Temporary closure of animal dropboxes due to parvovirus outbreak

Gunnedah Shire Council

Gunnedah Shire Council has temporarily closed the drop-boxes at its Animal Impound Facility because of an outbreak of canine parvovirus.

A number of dogs have been surrendered anonymously through the facility’s surrender boxes recently and some of these young dogs have been positive to parvovirus.

To better manage symptomatic animals and reduce the risk of parvovirus affecting other seized dogs in the Animal Impound Facility, the surrender boxes on Quia Road were closed last week until further notice.

Gunnedah Shire residents who want to surrender or deliver a companion animal to Council will need to contact Council’s Regulatory Services team during business hours on (02) 6740 2100 to discuss their options.

Canine parvovirus is a serious and often fatal gastrointestinal viral disease that impacts unvaccinated puppies and dogs.

Vet Chelsea Mitchell said Gunnedah Veterinary Hospital has treated about 14 cases in the last month and some of the dogs had to be euthanised.

Ms Mitchell said the virus was generally spread in contaminated faeces by unvaccinated dogs, many of whom have been roaming around town.

“Clinical signs are pretty consistent – lethargy, anorexia, vomiting and diarrhoea. Not all dogs will vomit and not all dogs will have diarrhoea. If it’s quite severe, they will have blood in the diarrhoea.”

Ms Mitchell said there was no cure, so hydration was vital to survival.

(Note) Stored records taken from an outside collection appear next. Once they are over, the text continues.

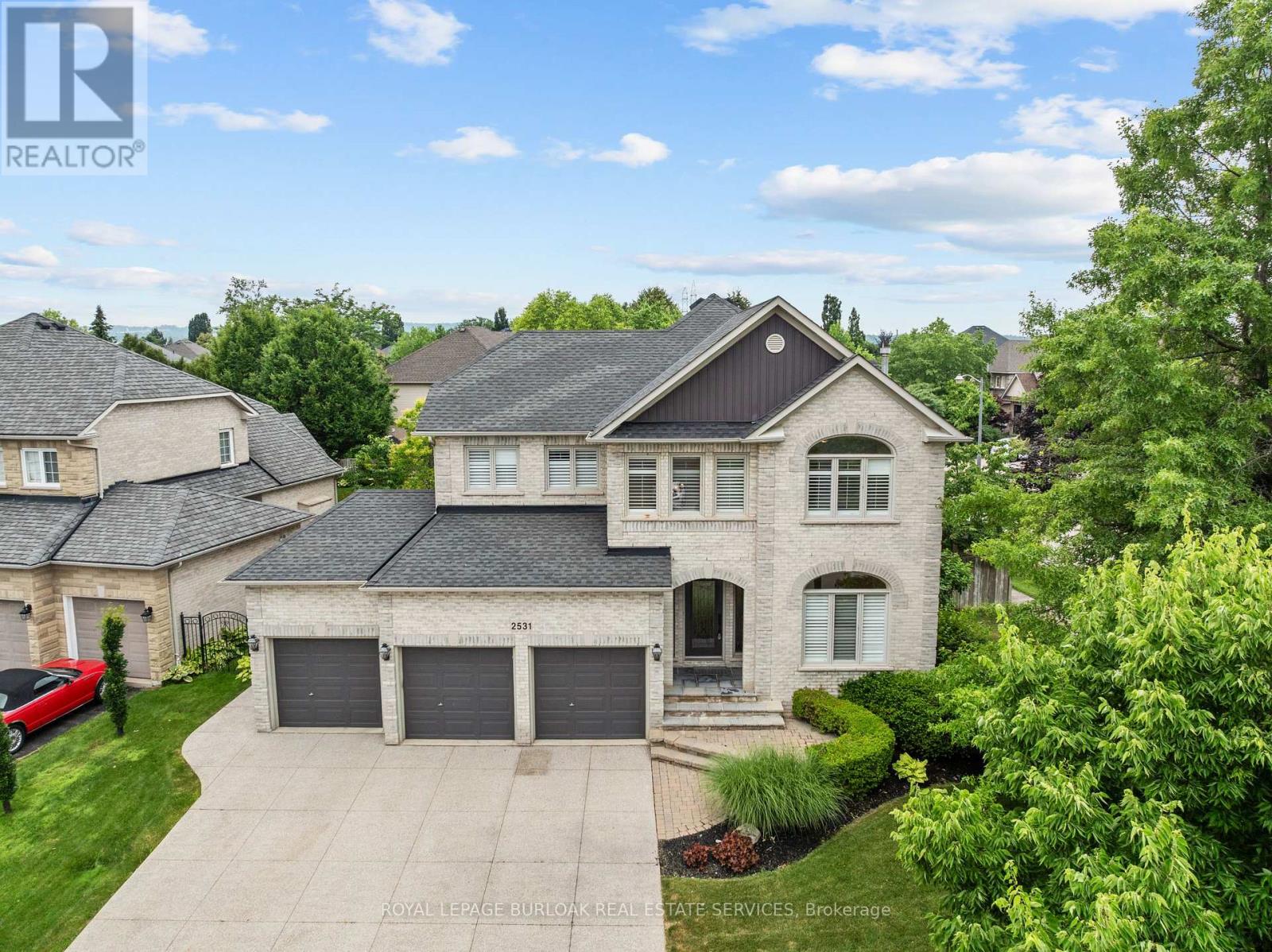 2531 Hogan Court, Burlington, Ontario L7M 4T5 - Photo 4 - W12547532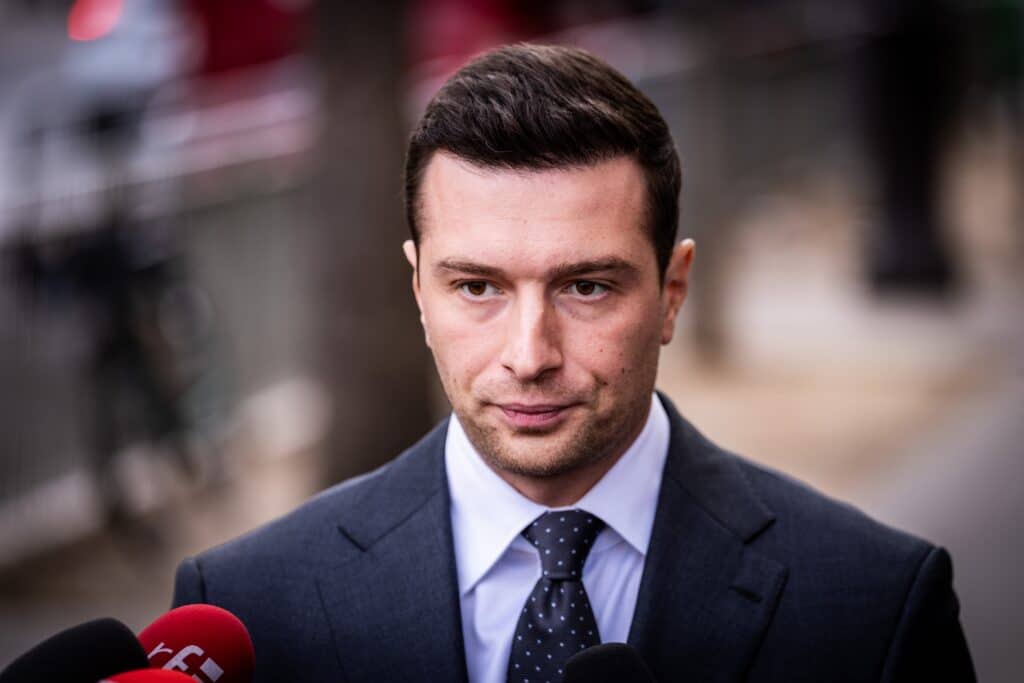 &Eacute;crits antis&eacute;mites attribu&eacute;s &agrave; Jordan Bardella : Mediapart publie ses preuves, le pr&eacute;sident du RN maintient son d&eacute;menti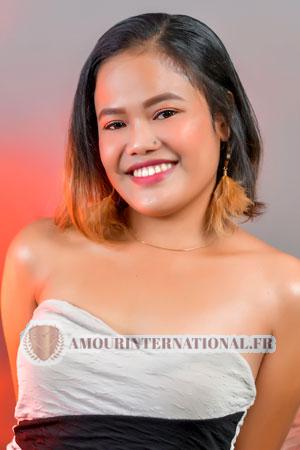 223739 - Bernadeth Âge: 21 - Philippines
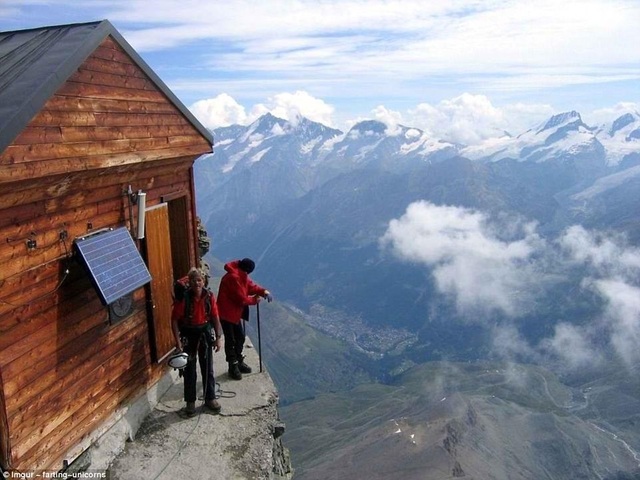 "Sởn da gà" với những du khách thích "đùa giỡn với tử thần" - 11 Solvay Hut nằm trên núi Matterhorn ở Thụy Sỹ, với độ cao 13.000 feet so với mực nước biển, là nơi trú chân của những du khách ưa mạo hiểm.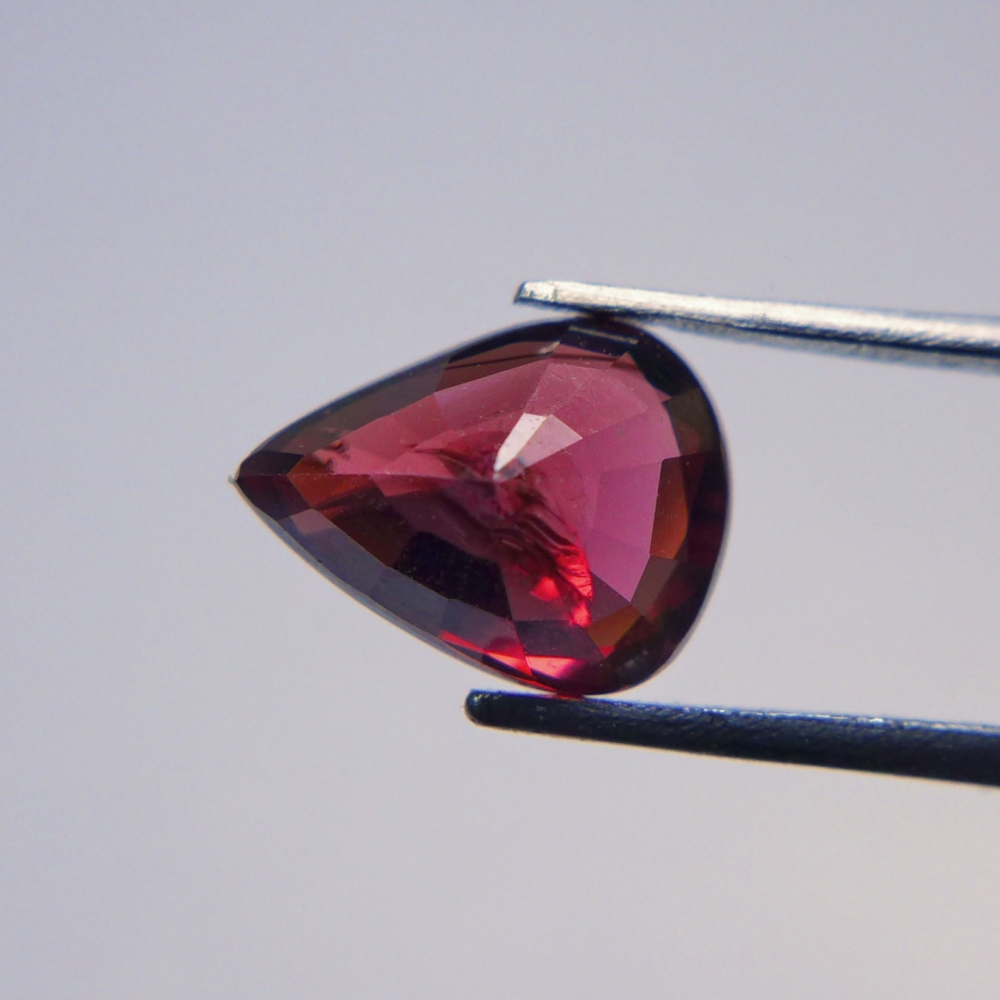 Bild 1 von 1.49 ct. Natürlicher roter 7.7 x 5.8 mm Tansania Zirkon Tropfen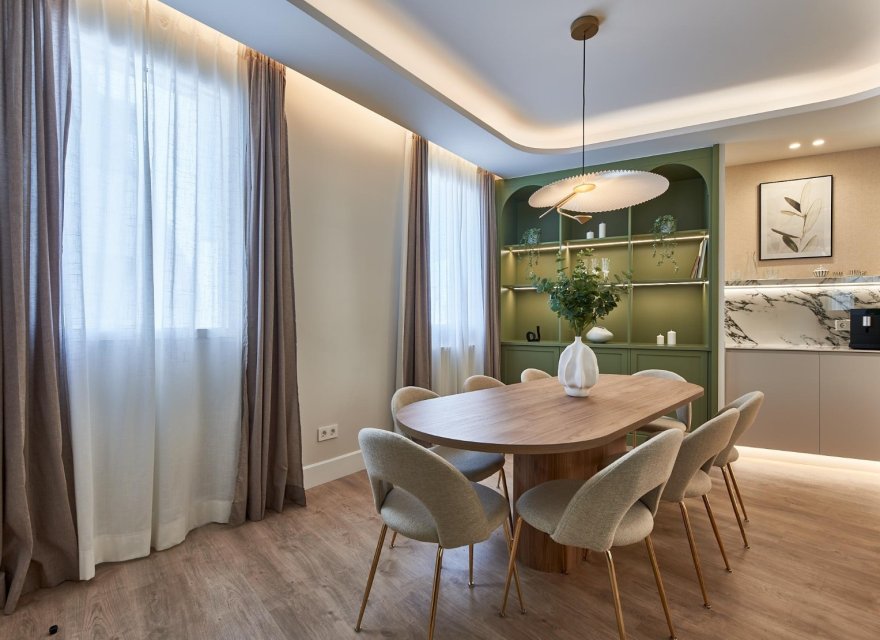 Resale - Apartment - Madrid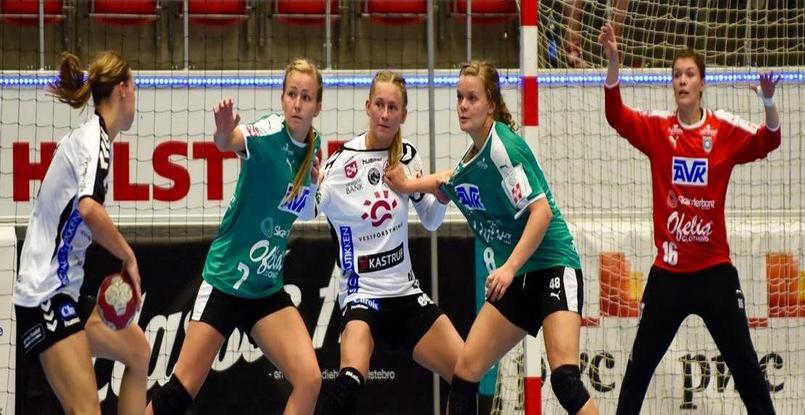 Женский чемпионат Дании. "Хольстебро" разгромил "Рингкебинг"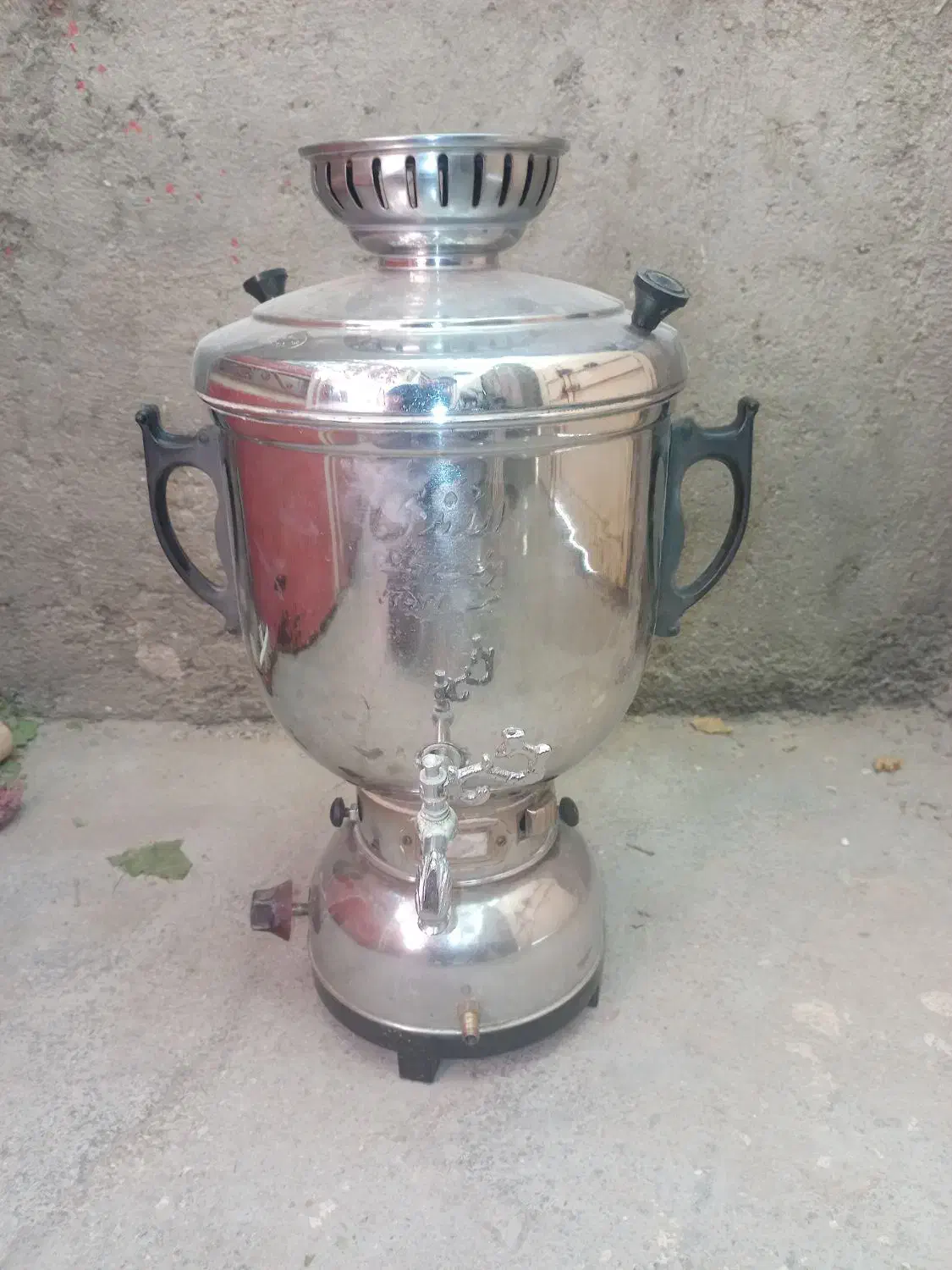 دوعددسماورسالم|سماور، چایساز، قهوهساز|قروه, |دیوار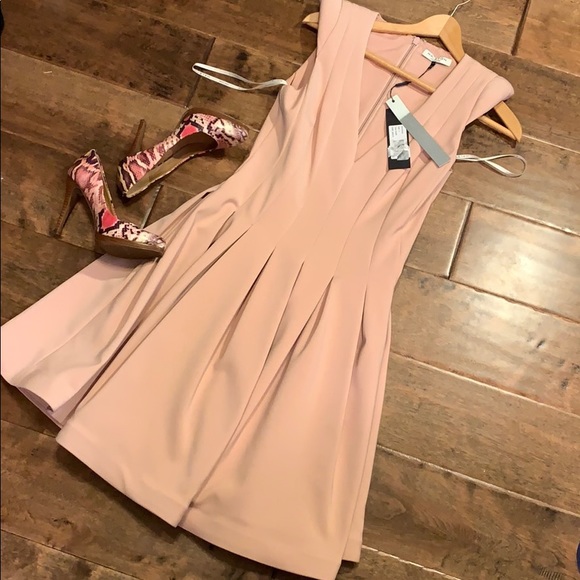 Halston Heritage Dresses & Skirts - New! NWT Stunning Halston Heritage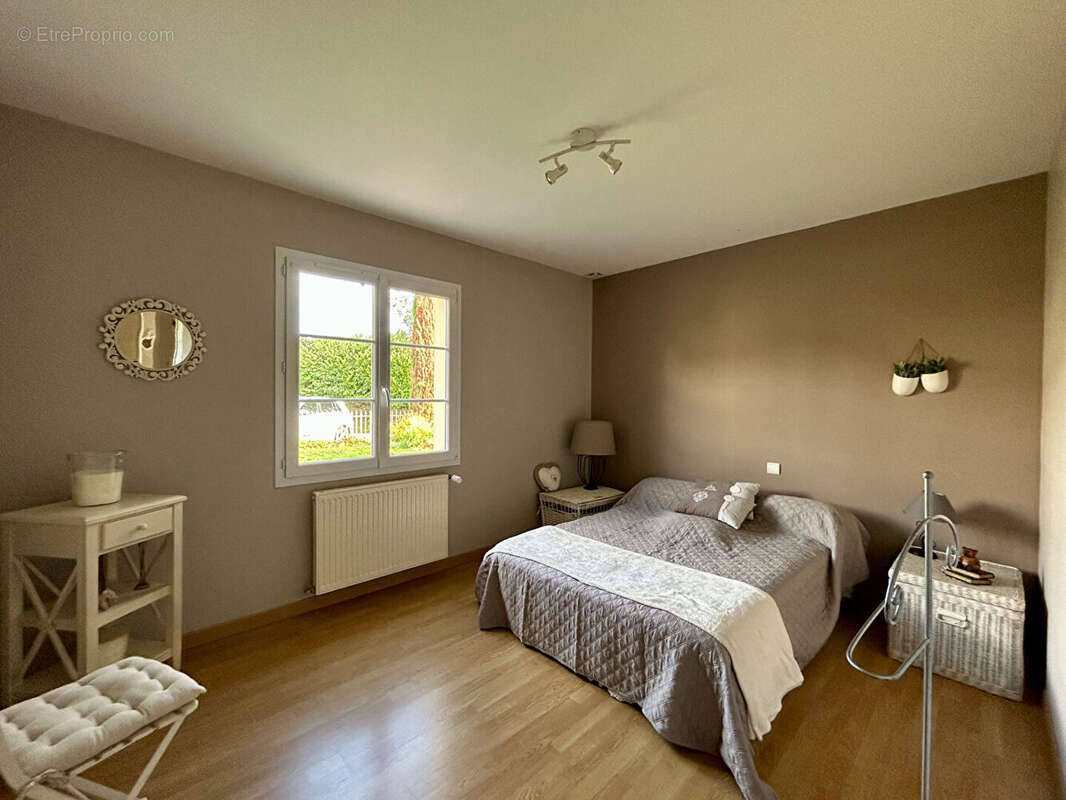 Maison à AZAY-LE-BRULE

“Because they aren’t able to keep down water… they’re severely dehydrated and usually get secondary bacteria infections, and that’s usually what kills them,” she said.

If owners suspect their dog has parvovirus, Ms Mitchell advised to call the veterinary clinic, not visit, so a test can be organised before the animal enters the clinic.

Prevention is the key to keeping dogs safe, and puppies should be vaccinated at six, eight and 12 weeks, then they should receive a yearly booster.

“Vaccination is 99.9 percent effective in preventing parvovirus infections, so ensure your dog’s vaccinations are up-to-date, and if you have a puppy that hasn’t had the full course, make sure it isn’t being taken out and exposed.” Ms Mitchell said.

Council’s Regulatory Services coordinator Wade Berryman said vaccination was strongly encouraged as part of responsible pet ownership.

“Pet owners are reminded that the health and well-being of their animals is their responsibility under the Prevention of Cruelty to Animals Act NSW,” Mr Berryman said.

“Owners who want to surrender healthy pets should first contact an approved rehoming organisation to find their dog or cat a ‘furever’ home.”